Print the listing below exactly, minus its pictures.
##### The data
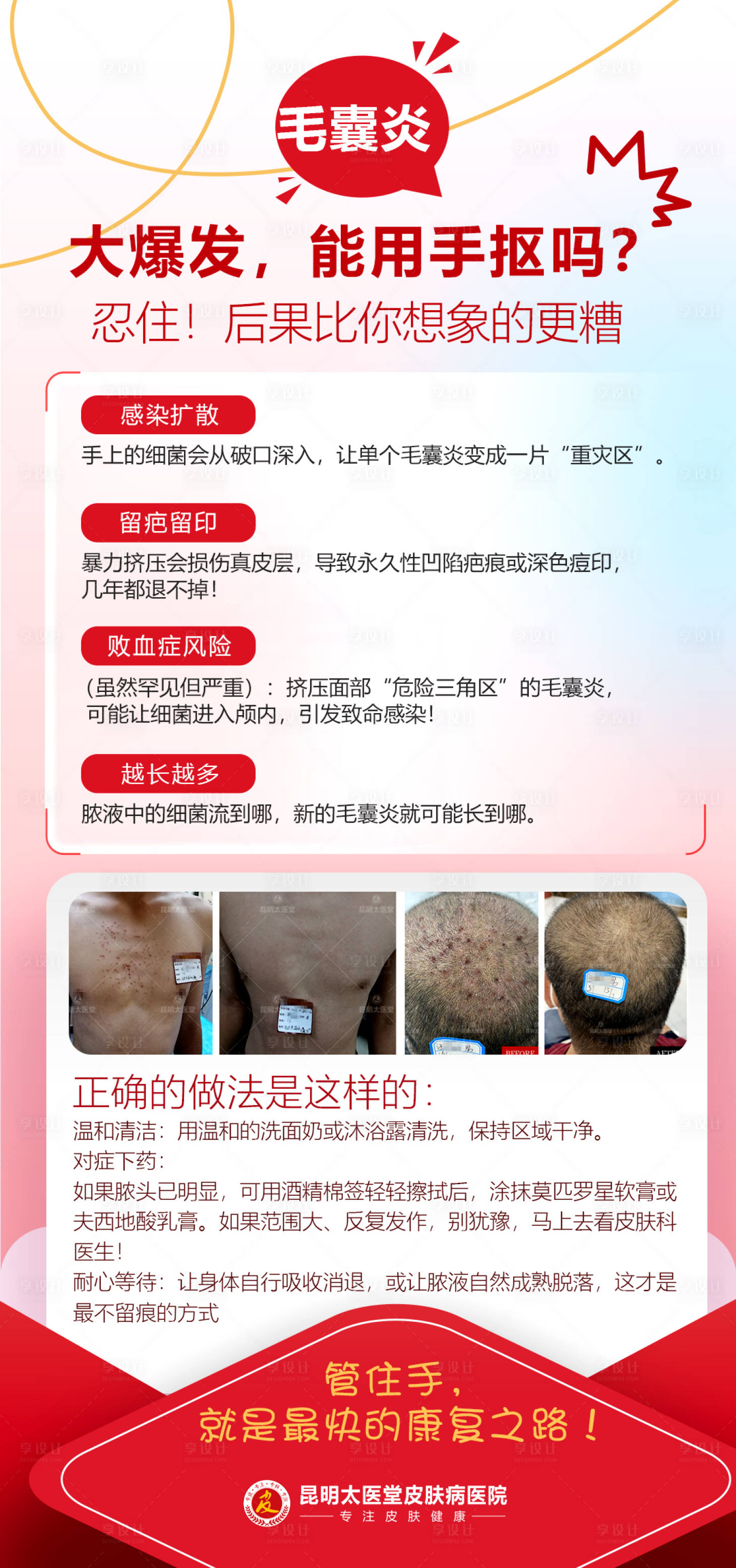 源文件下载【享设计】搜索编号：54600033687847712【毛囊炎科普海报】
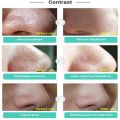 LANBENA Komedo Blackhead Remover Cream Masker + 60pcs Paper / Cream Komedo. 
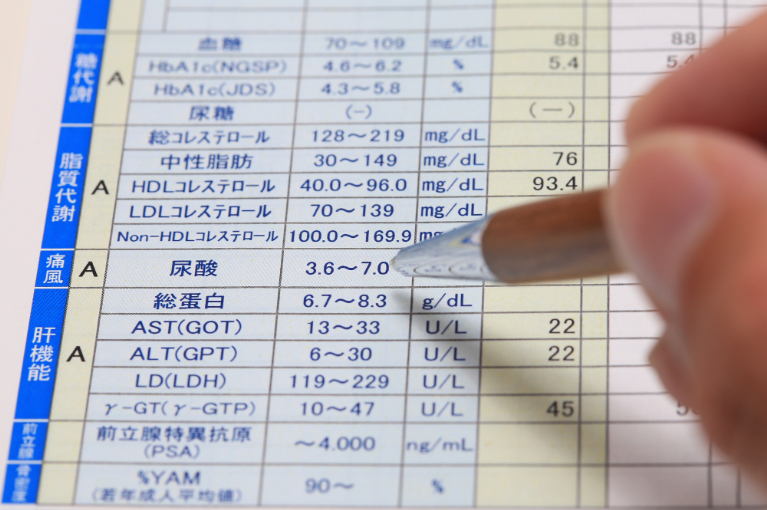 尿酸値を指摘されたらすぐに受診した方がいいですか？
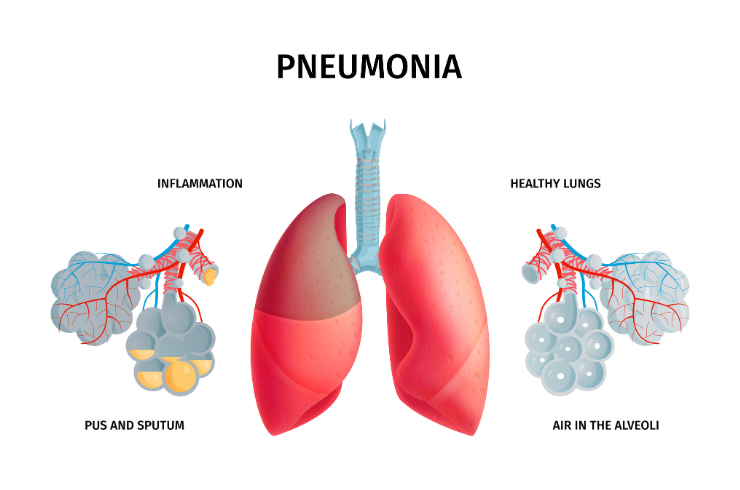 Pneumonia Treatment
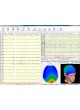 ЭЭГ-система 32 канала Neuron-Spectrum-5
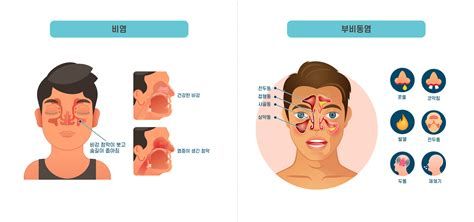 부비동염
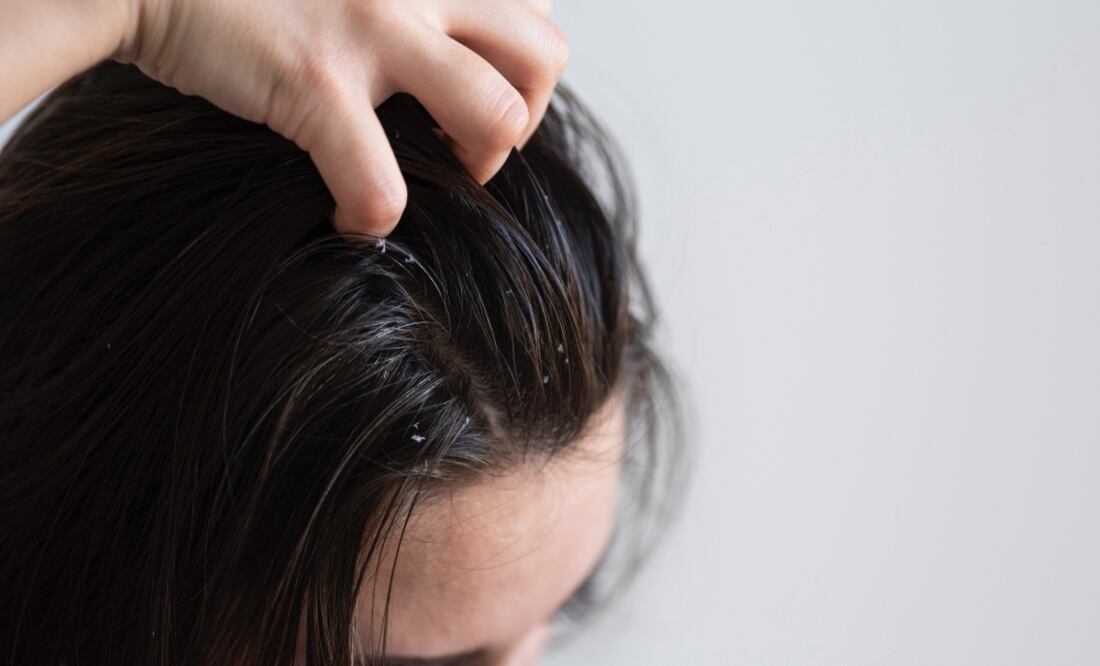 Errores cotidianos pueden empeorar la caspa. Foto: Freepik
##########
■ Problem solution:
 源文件下载【享设计】搜索编号：54600033687847712【毛囊炎科普海报】
 LANBENA Komedo Blackhead Remover Cream Masker + 60pcs Paper / Cream Komedo. 
 尿酸値を指摘されたらすぐに受診した方がいいですか？
 Pneumonia Treatment
 ЭЭГ-система 32 канала Neuron-Spectrum-5
 부비동염
 Errores cotidianos pueden empeorar la caspa. Foto: Freepik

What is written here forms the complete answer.